Center wins $8.2 million to extend obesity, cancer consortium

Five-year grant renews coordinating hub role for TREC, a nationwide research initiative working to understand, prevent obesity-related cancers; Mark Thornquist will lead
Dr. Mark Thornquist
The principal investigator of the TREC initiative’s coordinating center is biostatistician of the Public Health Sciences Division. Photo by Dean Forbes

The National Cancer Institute has awarded $8.2 million over the next five years to the Hutchinson Center to extend its role as the coordinating hub of a nationwide research consortium that aims to better understand the link between obesity and cancer.

The Transdisciplinary Research on Energetics and Cancer initiative, or TREC, which began in 2005, involves a diverse team of researchers from across the United States.

The $45 million, five-year initiative also will study the underlying behavioral causes of obesity and ways to prevent it, particularly among children, cancer survivors and others at high risk. The network’s research projects range from the biologic and physiologic mechanisms of obesity to the behavioral, socio-cultural and environmental influences on nutrition, physical activity and weight.

Attacking obesity from many sides

The principal investigator of the initiative’s coordinating center is biostatistician Dr. Mark Thornquist of the Public Health Sciences Division. "The idea behind TREC is to attack the problem of obesity and cancer with teams of researchers from many scientific fields, such as nutrition science, molecular epidemiology and behavioral science," he said. “By approaching the problem from many directions and collaborating across studies we hope to make scientific progress faster than more narrowly focused research. The coordinating center helps to tie all of these researchers together and enable us to collaborate more effectively.”

Under Thornquist’s direction the coordinating center will support communication, collaboration, and data sharing and analysis among four TREC research centers and the NCI. He has led the coordinating center since 2005, when the NCI launched the TREC initiative with $54 million in initial funding, including $5.3 million to the Hutchinson Center to establish the coordinating hub.

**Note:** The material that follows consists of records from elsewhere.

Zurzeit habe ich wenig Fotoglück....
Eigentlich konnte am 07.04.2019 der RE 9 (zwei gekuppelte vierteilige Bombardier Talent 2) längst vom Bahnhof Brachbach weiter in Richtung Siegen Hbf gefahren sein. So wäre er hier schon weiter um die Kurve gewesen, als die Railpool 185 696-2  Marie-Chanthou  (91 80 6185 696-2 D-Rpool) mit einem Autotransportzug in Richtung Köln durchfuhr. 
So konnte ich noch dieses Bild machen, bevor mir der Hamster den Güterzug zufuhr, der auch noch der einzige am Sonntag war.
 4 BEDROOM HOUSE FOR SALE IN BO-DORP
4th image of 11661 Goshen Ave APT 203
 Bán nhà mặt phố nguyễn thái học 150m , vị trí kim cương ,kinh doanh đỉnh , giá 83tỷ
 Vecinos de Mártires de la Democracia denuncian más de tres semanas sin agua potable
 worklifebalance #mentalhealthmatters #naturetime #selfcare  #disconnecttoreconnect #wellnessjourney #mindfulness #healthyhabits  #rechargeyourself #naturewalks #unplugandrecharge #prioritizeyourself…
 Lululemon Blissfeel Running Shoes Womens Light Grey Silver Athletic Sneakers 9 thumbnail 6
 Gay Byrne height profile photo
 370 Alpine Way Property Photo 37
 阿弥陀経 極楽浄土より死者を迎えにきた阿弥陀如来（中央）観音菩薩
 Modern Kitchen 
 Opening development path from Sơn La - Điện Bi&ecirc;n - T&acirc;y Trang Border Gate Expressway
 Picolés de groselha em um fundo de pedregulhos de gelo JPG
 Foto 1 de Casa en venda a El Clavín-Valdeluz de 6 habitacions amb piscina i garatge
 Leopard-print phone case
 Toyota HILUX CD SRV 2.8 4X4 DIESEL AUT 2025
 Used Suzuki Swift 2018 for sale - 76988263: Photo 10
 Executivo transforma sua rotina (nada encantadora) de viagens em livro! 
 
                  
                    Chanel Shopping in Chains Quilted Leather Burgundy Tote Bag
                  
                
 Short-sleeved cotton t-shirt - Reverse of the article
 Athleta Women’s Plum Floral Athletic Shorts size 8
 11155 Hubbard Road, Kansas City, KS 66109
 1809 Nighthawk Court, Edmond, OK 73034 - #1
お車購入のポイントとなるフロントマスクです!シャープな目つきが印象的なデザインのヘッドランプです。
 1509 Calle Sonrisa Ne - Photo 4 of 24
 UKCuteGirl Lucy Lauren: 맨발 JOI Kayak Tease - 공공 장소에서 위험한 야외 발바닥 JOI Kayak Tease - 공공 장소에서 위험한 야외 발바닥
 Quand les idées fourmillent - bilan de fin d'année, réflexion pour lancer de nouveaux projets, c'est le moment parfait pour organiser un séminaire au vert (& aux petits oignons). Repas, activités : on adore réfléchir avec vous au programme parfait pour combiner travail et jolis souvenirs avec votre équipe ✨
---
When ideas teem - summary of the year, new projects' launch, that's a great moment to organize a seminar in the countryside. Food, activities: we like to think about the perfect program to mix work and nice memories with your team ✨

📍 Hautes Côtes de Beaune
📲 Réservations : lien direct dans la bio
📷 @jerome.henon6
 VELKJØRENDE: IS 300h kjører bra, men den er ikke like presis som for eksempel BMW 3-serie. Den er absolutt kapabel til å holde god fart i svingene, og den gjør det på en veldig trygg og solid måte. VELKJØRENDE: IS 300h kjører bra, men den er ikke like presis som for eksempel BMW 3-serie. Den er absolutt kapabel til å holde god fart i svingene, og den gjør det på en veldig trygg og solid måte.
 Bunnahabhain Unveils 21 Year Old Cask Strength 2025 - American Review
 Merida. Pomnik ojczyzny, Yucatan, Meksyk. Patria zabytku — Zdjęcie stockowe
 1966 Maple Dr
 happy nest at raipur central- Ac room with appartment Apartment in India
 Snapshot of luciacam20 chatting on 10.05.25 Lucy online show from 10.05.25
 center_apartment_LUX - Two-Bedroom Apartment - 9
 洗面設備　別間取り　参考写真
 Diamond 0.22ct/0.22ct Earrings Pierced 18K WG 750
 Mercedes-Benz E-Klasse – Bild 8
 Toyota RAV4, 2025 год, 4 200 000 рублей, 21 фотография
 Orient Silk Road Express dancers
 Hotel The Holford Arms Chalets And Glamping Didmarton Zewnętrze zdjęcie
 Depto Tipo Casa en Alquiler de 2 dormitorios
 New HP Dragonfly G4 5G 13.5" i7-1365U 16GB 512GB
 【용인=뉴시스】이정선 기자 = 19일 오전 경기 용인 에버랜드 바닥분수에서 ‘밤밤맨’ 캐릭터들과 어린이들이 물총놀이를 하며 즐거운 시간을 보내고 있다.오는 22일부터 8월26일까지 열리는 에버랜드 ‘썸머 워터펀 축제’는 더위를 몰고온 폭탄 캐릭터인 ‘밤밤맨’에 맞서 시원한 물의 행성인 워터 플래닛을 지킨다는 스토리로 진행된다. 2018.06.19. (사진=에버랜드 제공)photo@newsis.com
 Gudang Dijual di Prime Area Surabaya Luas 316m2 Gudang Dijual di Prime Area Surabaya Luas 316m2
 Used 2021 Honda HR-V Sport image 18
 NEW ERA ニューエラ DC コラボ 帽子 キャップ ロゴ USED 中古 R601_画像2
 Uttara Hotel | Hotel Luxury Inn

"NCI is very concerned about the epidemic of obesity and its implications for cancer," said Dr. Robert Croyle, director of the NCI’s division of Cancer Control and Population Sciences. "This investment reflects the urgency of the problem and the need to accelerate scientific progress to inform cancer-control strategies."

The American Cancer Society estimates that about 30 percent of cancer deaths are due to poor nutrition, excess weight and lack of exercise. "This consortium will aim to understand the link between cancer and obesity at a fundamental, biologic level," Thornquist said.

In addition to the Hutchinson Center, the initiative will provide new five-year funding for researchers at Harvard University, the University of California San Diego, University of Pennsylvania and Washington University in St. Louis.